INPUT DATA.

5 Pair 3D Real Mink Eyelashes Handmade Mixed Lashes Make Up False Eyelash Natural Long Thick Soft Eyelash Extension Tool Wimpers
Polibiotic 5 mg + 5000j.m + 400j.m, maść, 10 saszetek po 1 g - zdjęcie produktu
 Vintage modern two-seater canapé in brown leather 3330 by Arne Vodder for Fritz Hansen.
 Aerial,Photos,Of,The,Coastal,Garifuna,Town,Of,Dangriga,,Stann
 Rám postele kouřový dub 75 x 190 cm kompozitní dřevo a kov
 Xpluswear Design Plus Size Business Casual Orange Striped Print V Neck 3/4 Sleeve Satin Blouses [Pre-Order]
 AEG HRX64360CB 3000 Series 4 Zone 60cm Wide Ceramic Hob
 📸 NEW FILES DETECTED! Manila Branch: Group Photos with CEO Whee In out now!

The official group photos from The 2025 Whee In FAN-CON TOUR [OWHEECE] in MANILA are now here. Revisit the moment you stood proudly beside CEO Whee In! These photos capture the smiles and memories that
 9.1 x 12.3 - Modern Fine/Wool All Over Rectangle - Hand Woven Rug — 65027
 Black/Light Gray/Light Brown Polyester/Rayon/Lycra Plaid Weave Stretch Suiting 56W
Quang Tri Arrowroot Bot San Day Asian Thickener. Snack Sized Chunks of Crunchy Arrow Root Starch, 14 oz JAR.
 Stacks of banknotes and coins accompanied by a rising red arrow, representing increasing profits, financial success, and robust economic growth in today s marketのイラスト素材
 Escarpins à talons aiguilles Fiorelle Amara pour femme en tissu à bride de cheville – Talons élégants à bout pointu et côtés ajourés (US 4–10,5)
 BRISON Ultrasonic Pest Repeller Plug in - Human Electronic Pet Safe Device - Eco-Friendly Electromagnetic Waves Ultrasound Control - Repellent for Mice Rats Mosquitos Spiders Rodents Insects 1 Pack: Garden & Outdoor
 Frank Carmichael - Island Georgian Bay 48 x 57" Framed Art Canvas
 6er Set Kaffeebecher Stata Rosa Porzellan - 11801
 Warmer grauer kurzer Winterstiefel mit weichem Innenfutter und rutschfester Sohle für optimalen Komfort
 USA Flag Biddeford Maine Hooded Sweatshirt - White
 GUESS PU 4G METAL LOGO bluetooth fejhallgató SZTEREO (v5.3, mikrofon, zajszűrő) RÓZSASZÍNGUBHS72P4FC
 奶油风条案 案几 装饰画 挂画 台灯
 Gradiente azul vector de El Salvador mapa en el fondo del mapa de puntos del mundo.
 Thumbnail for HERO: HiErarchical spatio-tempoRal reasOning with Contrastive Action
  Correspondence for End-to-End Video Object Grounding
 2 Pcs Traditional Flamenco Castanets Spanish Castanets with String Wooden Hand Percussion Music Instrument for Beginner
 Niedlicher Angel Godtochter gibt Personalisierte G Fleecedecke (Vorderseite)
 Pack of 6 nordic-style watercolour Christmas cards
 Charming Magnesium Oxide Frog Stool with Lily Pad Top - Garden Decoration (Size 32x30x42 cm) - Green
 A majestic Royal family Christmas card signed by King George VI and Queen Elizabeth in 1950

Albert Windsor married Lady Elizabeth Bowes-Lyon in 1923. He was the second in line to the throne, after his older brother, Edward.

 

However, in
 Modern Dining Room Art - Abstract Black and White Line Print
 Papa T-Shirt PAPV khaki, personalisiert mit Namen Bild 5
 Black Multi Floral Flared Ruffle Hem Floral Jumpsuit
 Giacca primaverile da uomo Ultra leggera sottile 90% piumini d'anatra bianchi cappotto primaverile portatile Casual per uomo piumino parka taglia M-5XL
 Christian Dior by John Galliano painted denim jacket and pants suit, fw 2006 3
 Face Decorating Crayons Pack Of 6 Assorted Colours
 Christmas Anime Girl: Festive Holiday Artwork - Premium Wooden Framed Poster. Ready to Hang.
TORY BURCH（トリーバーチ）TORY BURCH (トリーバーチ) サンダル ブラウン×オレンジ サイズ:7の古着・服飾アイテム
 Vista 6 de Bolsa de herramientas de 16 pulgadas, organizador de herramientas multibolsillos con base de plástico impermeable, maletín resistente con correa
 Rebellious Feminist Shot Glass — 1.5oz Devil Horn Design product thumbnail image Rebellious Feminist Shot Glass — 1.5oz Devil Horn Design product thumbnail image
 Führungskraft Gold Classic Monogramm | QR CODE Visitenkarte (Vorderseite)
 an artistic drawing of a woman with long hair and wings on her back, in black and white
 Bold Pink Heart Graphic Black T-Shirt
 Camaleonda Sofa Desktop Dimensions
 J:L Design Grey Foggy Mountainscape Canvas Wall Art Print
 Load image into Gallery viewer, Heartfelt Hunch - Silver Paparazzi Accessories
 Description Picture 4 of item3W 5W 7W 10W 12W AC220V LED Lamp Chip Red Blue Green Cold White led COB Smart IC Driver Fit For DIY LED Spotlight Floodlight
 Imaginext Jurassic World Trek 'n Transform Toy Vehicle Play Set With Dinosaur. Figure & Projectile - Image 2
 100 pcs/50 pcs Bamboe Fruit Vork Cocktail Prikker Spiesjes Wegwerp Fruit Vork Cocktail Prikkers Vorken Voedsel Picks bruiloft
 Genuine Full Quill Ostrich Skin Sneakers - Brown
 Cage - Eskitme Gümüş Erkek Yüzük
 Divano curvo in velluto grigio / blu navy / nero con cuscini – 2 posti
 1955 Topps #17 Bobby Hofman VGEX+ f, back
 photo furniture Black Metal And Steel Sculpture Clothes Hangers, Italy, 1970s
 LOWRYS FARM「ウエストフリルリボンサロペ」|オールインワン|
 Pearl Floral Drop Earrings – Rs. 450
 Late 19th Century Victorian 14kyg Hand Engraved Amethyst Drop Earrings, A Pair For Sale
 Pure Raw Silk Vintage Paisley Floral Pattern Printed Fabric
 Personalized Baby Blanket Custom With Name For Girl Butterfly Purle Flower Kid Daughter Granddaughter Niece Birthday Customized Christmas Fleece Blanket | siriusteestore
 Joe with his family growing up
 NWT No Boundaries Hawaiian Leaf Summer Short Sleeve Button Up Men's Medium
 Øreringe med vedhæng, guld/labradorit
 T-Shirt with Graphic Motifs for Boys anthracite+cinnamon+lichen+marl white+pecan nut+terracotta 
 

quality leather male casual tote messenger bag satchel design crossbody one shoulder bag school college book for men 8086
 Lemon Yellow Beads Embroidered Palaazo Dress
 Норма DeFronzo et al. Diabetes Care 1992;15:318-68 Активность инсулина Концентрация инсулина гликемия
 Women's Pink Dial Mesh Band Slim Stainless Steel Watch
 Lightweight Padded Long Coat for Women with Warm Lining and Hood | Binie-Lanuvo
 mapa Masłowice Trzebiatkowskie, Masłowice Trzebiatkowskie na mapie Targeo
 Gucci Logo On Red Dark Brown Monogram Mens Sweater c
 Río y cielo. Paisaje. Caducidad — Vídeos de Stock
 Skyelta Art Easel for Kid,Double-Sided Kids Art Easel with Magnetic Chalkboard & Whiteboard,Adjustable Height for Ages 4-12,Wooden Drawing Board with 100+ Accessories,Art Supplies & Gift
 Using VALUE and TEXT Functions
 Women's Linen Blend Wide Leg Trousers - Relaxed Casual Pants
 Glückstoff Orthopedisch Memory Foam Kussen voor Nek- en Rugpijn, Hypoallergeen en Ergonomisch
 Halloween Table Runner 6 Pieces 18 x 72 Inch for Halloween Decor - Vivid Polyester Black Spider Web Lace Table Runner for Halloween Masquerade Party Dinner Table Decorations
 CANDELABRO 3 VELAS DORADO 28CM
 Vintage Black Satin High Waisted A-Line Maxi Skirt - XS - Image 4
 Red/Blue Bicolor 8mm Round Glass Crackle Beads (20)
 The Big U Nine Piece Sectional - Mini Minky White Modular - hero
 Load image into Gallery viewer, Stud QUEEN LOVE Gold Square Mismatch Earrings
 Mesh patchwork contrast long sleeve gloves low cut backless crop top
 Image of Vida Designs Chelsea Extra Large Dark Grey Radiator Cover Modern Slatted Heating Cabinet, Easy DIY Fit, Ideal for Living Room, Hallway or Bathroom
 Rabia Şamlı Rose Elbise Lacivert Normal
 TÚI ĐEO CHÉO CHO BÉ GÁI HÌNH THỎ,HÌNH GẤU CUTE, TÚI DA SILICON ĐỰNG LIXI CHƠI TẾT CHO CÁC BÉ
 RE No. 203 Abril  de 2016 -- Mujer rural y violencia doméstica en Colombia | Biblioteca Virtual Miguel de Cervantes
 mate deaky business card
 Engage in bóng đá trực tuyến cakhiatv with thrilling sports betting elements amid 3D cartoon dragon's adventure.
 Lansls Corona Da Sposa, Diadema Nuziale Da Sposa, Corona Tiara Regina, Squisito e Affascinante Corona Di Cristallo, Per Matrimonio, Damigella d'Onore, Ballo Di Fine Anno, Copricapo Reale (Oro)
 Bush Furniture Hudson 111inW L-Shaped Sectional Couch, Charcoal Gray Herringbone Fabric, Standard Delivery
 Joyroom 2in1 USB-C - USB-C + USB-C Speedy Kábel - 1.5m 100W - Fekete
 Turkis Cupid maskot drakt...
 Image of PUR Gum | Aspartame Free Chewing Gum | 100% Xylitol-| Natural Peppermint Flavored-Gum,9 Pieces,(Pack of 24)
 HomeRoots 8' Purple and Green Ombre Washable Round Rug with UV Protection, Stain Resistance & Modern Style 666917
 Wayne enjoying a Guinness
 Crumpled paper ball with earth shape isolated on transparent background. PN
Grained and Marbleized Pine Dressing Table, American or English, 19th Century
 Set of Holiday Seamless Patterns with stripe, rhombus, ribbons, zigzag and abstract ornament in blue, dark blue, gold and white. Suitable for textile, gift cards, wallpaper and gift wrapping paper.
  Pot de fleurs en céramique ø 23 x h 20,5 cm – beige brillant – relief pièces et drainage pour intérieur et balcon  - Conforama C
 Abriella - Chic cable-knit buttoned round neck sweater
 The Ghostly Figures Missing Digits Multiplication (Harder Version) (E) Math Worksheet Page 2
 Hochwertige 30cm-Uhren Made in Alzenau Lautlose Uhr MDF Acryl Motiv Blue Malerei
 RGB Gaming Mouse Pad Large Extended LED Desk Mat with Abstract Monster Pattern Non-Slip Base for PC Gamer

WHAT THE TASK ASKS. Please write out only the lines from the one containing "Abriella - Chic" to the end of the records above, exactly, both ends included.

ANSWER BELOW.
 Abriella - Chic cable-knit buttoned round neck sweater
 The Ghostly Figures Missing Digits Multiplication (Harder Version) (E) Math Worksheet Page 2
 Hochwertige 30cm-Uhren Made in Alzenau Lautlose Uhr MDF Acryl Motiv Blue Malerei
 RGB Gaming Mouse Pad Large Extended LED Desk Mat with Abstract Monster Pattern Non-Slip Base for PC Gamer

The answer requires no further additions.